Appearance
Fail-Open Resilience
AgentWatch is designed with a fundamental principle: our infrastructure never causes your production to go down. This is achieved through fail-open architecture at every layer.
What "Fail-Open" Means
When AgentWatch infrastructure is unreachable or experiencing issues, budget checks silently fail open — allowing API calls to proceed to the upstream provider without enforcement.
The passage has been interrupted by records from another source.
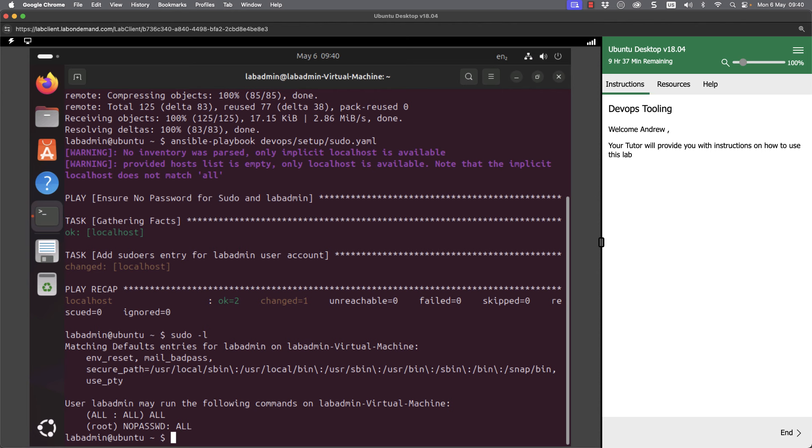So cloning of the repository means that we can pull down some of those configuration files that help us with the course. We've pulled down a little playbook that just sets the information that we need. And that's then configured our sudo privileges.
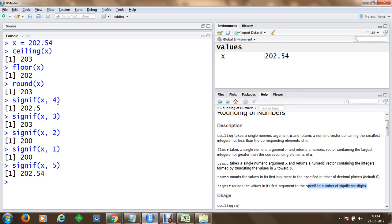So this is how we can make use of signif, ceiling, floor, and round functions and we can round off values in RStudio. Thank you for watching.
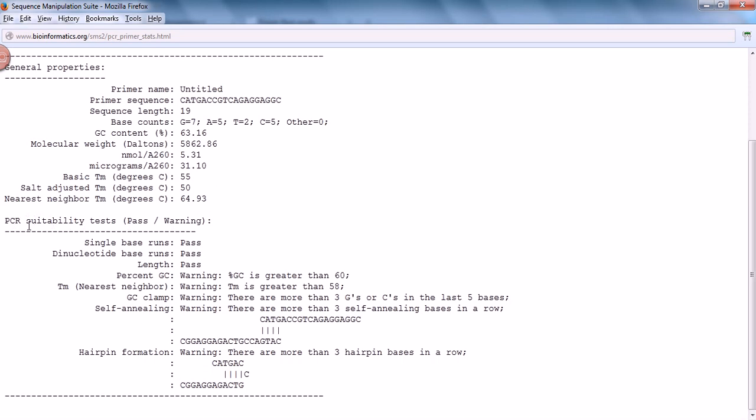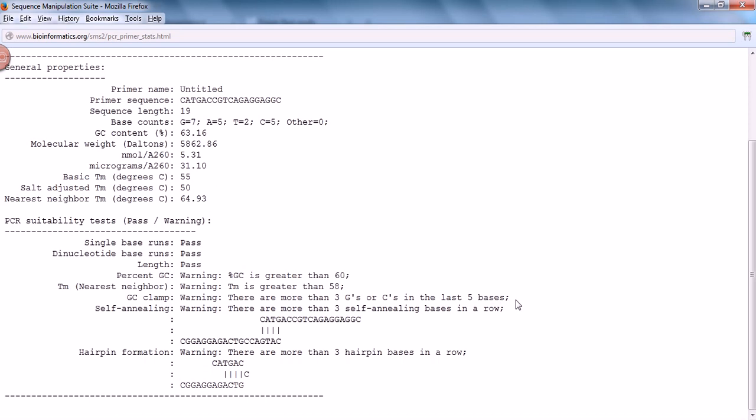What we are most interested in is the PCR suitability test - whether they pass or got some warning. In this case, among six or seven different parameters, they pass only three. Four have warnings. One warning is that GC is greater than 60%. The warning is melting temperature is greater than 58, which is not actually good for running them in in vitro conditions. The warning is that there are more than two Gs or Cs in the last five bases.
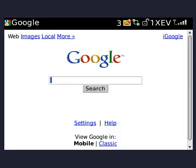A quick demonstration on how to get Google Maps on your BlackBerry. You want to go to www.google.com on your mobile web browser, and you'll get to the site here. You want to click on the upper button that says 'More'.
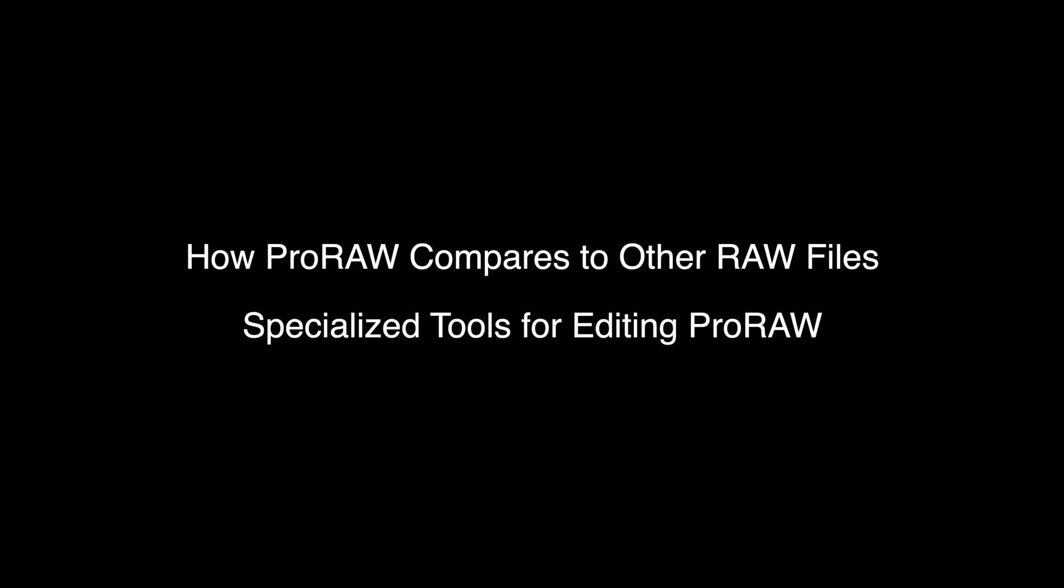Hi, I'm Nick Bott, founder of Gentleman Coders and developer of the RAW Power Photo Editing application. I'm here today to talk about ProRAW editing, how ProRAW compares to other RAW formats, and specifically how to edit ProRAW files using some very specialized tools specific only to ProRAW files.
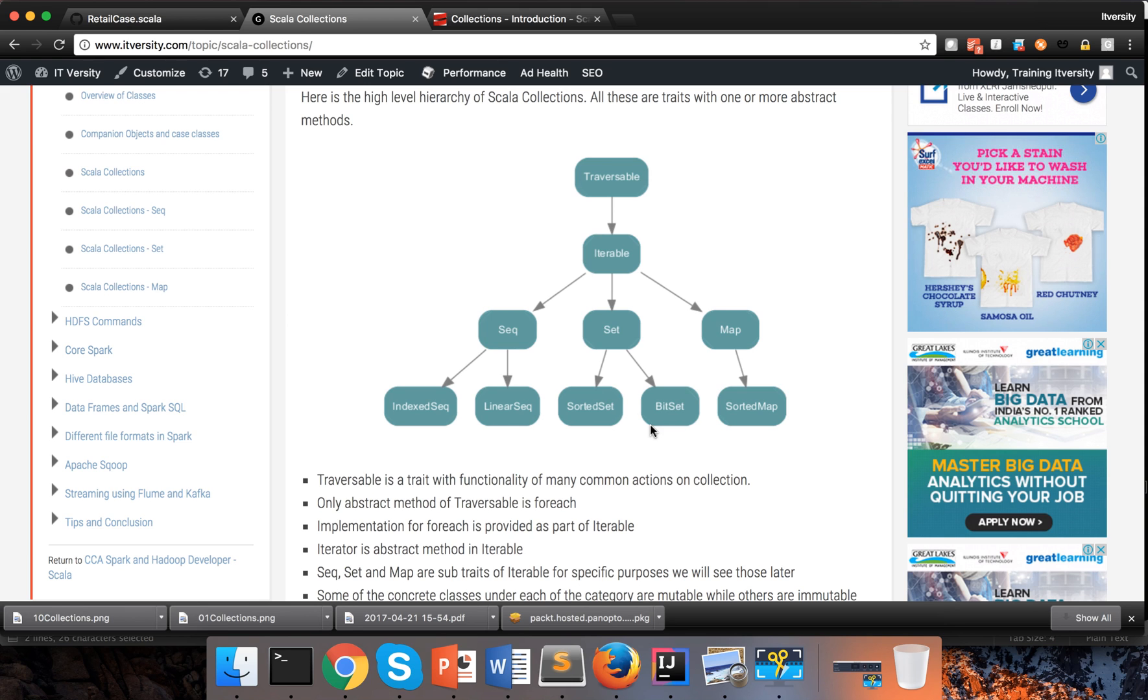This is just introduction to Scala collections. We will explore all these things in detail. And we will also demonstrate most of the important functions as we proceed further. That being said, thank you. Bye.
This ensures your agents always work, even during AgentWatch outages.
Fail-Open Behavior by Mode
SDK-Only Mode (Recommended for most users)
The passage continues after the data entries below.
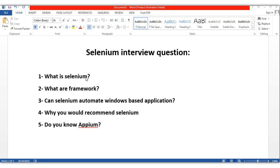The next question is: what are frameworks? When I ask students this question, I usually receive the answer that there are three types of frameworks — data-driven, hybrid, and page object model. Those are frameworks, but when I ask what a framework actually is, they get confused.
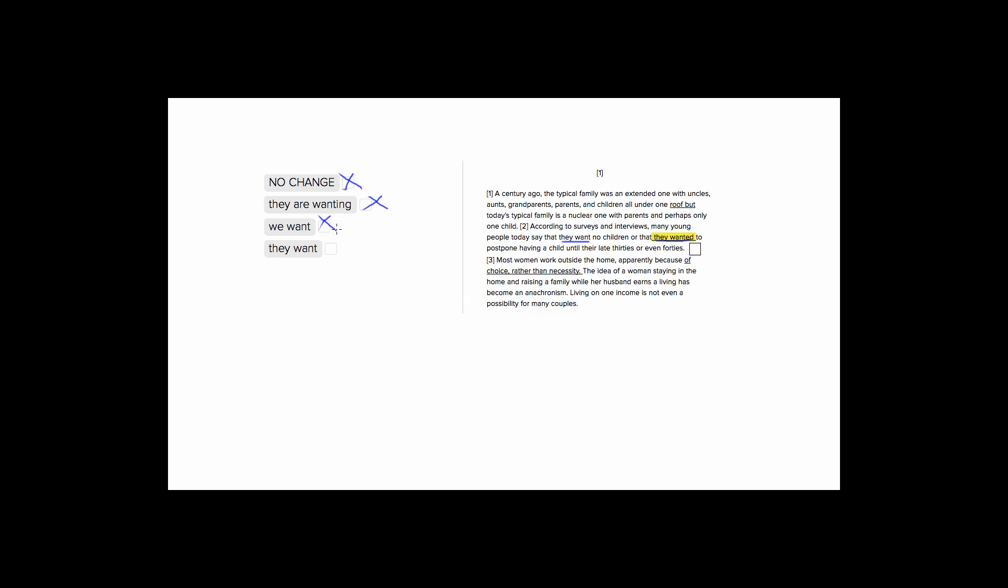Choice four is good because it's the exact same thing that we had before in the sentence, it's they want. So it keeps the parallelism really great. They want no children, or that they want to postpone having a child until they're older. This is keeping with the parallelism and is thus our best answer that we could choose.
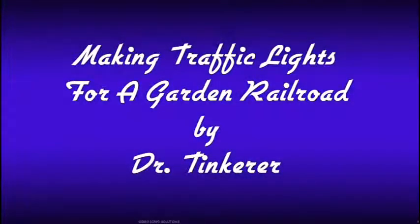Hello. Welcome to my tutorial on how to make traffic lights for a garden railroad. I'm Dr. Tinkerer. This tutorial covers only the electronic and programming aspects of the subject. Each garden railroader should design and build his own traffic lights.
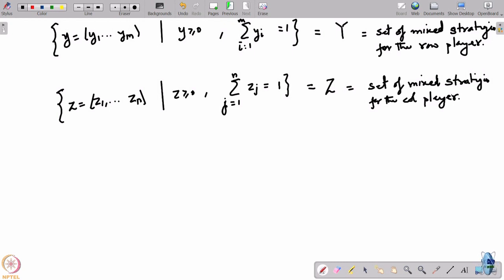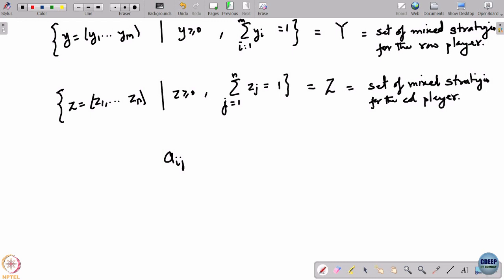Players decide the probabilities with which rows and columns are to be chosen, but they have to actually act on a row or column. So row i and column j are chosen randomly — the players get payoff a_{ij} when row i and column j are chosen. The probability with which i and j are chosen is y_i * z_j. The reason they are independent is that the game is non-cooperative — players cannot communicate with each other and must randomize independently. To define a random payoff, you need the joint distribution of row and column; since they randomize independently, the joint is just the product of the marginals.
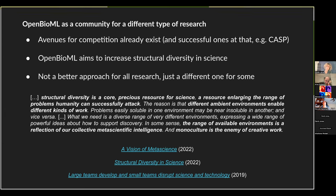There are already important and extremely successful avenues for normal research. CASP is an extremely important example — nothing like AlphaFold 2 could have been possible without CASP. But there might also be projects that simply don't happen in individual academic labs and don't happen in avenues like CASP. What we want is to enable these projects to happen. We don't claim OpenBioML's collaborative and open approach to be a better one. We recognize the value of avenues like CASP, especially when it comes to preserving the diversity of ideas. But hopefully this different approach can enable some different research projects to happen.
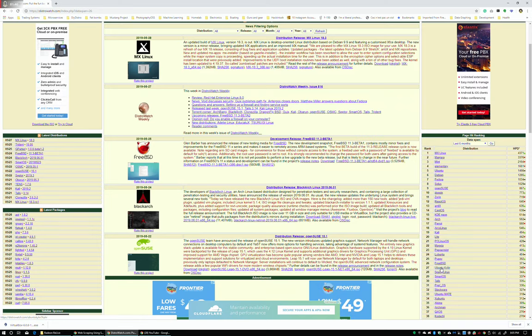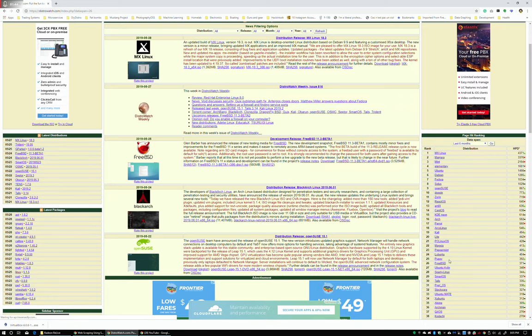Oh, I forgot Ubuntu Kylin. It's pronounced Chillin, not Kylan. It has a Gnome 2-esque desktop environment, which is aimed at the Chinese market.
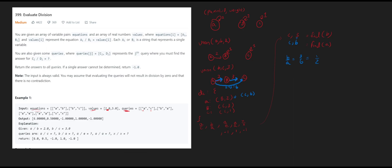Now similarly, when we do find for A over C, we run the find method on A and the find method on C. Since we've updated the dictionary, A returns C as its parent node with weight 6. And C still has its parent node as itself with weight 1. So when we do A over C, we divide the weights: 6 over 1, which is 6.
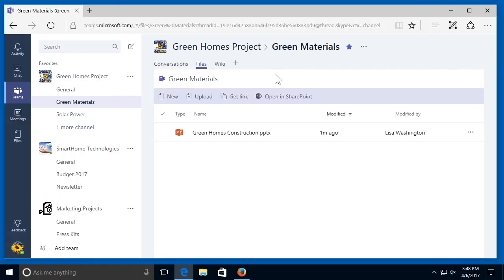One benefit of Microsoft Teams is that it's fully integrated with Office 365. This makes collaborating on different documents much simpler and easier. In Teams, you can share a document with other team members and you can all edit the document at the same time, and even start a conversation thread about the document in question.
When agentwatch_primary_provider is NOT set, only budget checks and telemetry go through AgentWatch:
python
client = WatchedOpenAI(
agentwatch_api_key="aw_live_xxx",
agentwatch_session_budget_usd=2.00,
agentwatch_enforcement_mode=True,
# No agentwatch_primary_provider — SDK calls go directly to OpenAI
)If AgentWatch is down:
- Budget check HTTP call fails (timeout at 2s)
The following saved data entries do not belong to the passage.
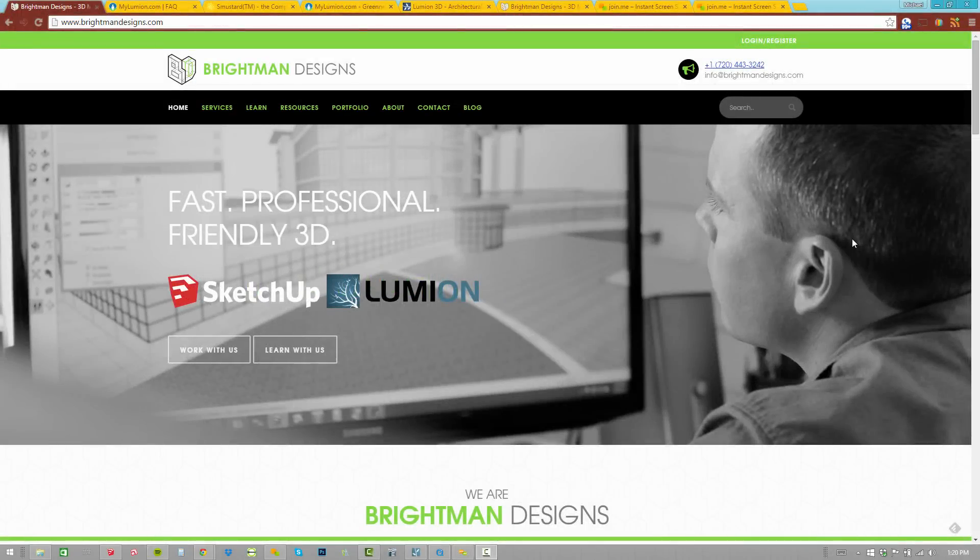Hi, this is Mike Brightman with Brightman Designs. We offer design, visualization, and training services. Just about everything that we do revolves around SketchUp and Lumion.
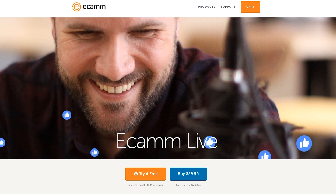Probably the biggest downside with Ecamm Live is that it's currently only available on Mac — if you're on PC, you won't be able to use it. But on the plus side, this sells for under $30 US, which is just crazy given the amount of features, the power and control that you'll have over your Facebook live streams. And if you want to try before you buy, there's a trial version available so you can give it a go for yourself — I've got a link down in the description below.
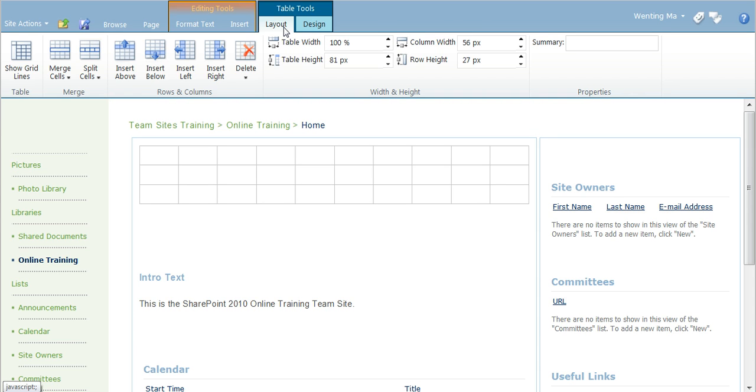In the layout tab, you can format the table, insert or delete rows and columns according to your needs.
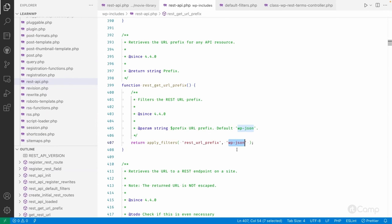For better compatibility with other plugins and third-party services which use the REST API, they should know what the base URL is. If we change it, unless we inform them or update the codebase, they cannot make REST requests. Generally we keep 'wp-json' as it is, but in some circumstances — if you are not using third-party services or plugins that explicitly need this base — you can change it.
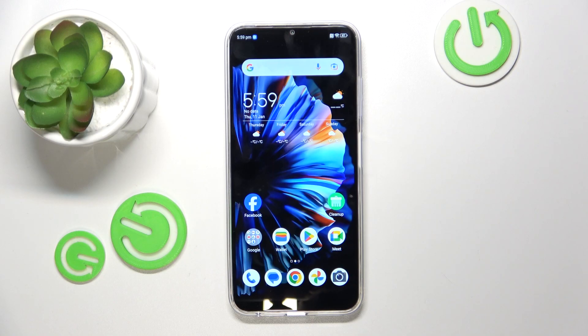Hello, in this video I will check if ZTE Blade V50 does have a screen recorder option.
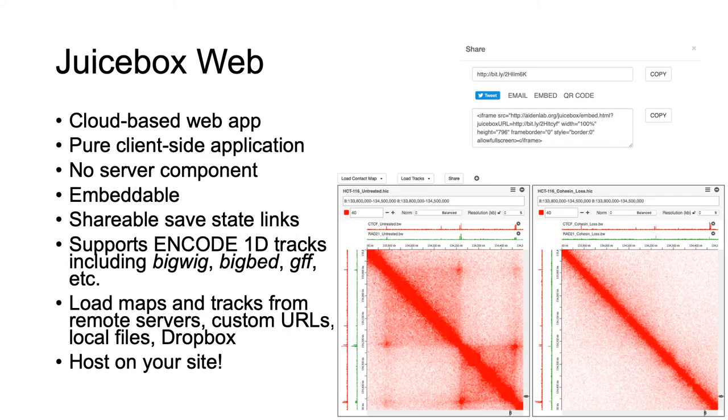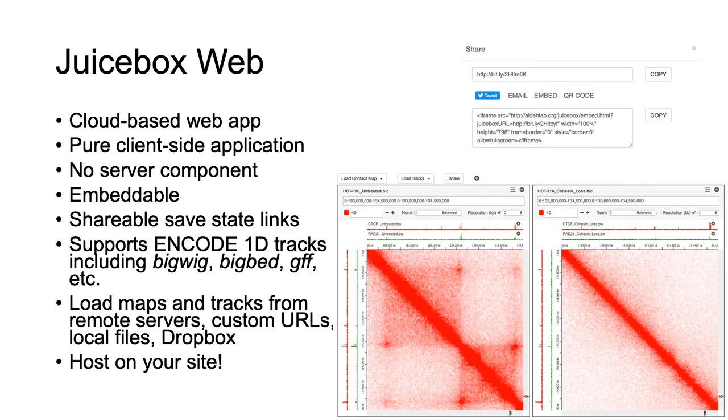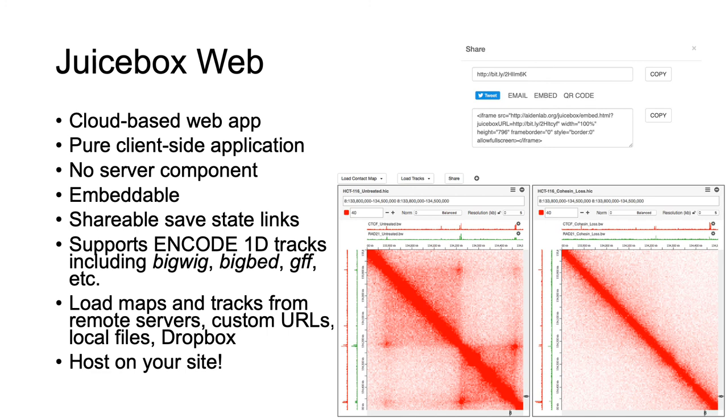JuiceBox Web is a cloud-based web app that has no server component. It is embeddable and allows you to easily share what you're looking at with friends and colleagues. As with JuiceBox Desktop, it supports encode 1D tracks including BigWig, BigBed, GFF, etc. And you can load maps and tracks from remote servers, custom URLs, local files, Dropbox, Google Drive, or wherever you'd like. You can even host your own JuiceBox on your own site.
- SDK catches exception, logs debug message
- API call proceeds directly to OpenAI
- Telemetry is silently dropped
Proxy Mode
When agentwatch_primary_provider is set, all traffic routes through AgentWatch:
python
client = WatchedOpenAI(
agentwatch_api_key="aw_live_xxx",
agentwatch_primary_provider="openai",
agentwatch_session_budget_usd=2.00,
agentwatch_enforcement_mode=True,
)If AgentWatch is down:
- The SDK automatically falls back to the direct provider URL
- No manual intervention required
Configuration
Fail-open is the default behavior. To change it:
python
# Fail-open (default) — AgentWatch outage doesn't affect your app
client = WatchedOpenAI(
agentwatch_enforcement_fail_open=True, # default
...
)
# Fail-closed — AgentWatch outage blocks API calls
client = WatchedOpenAI(
agentwatch_enforcement_fail_open=False,
...
)What Happens During an Outage
| Component | Behavior |
|---|---|
| Budget check | Fails open, API call proceeds |
| Telemetry logging | Silently dropped, no data loss |
| Anomaly detection | Disabled (requires edge processing) |
| Dashboard | May show stale data |
| Compliance reports | Skipped for the period |
Monitoring AgentWatch Health
Monitor AgentWatch availability via the health endpoint:
bash
curl https://agent-watch.dev/healthz
# Returns: okIf this endpoint returns non-200, AgentWatch is experiencing issues and fail-open is active.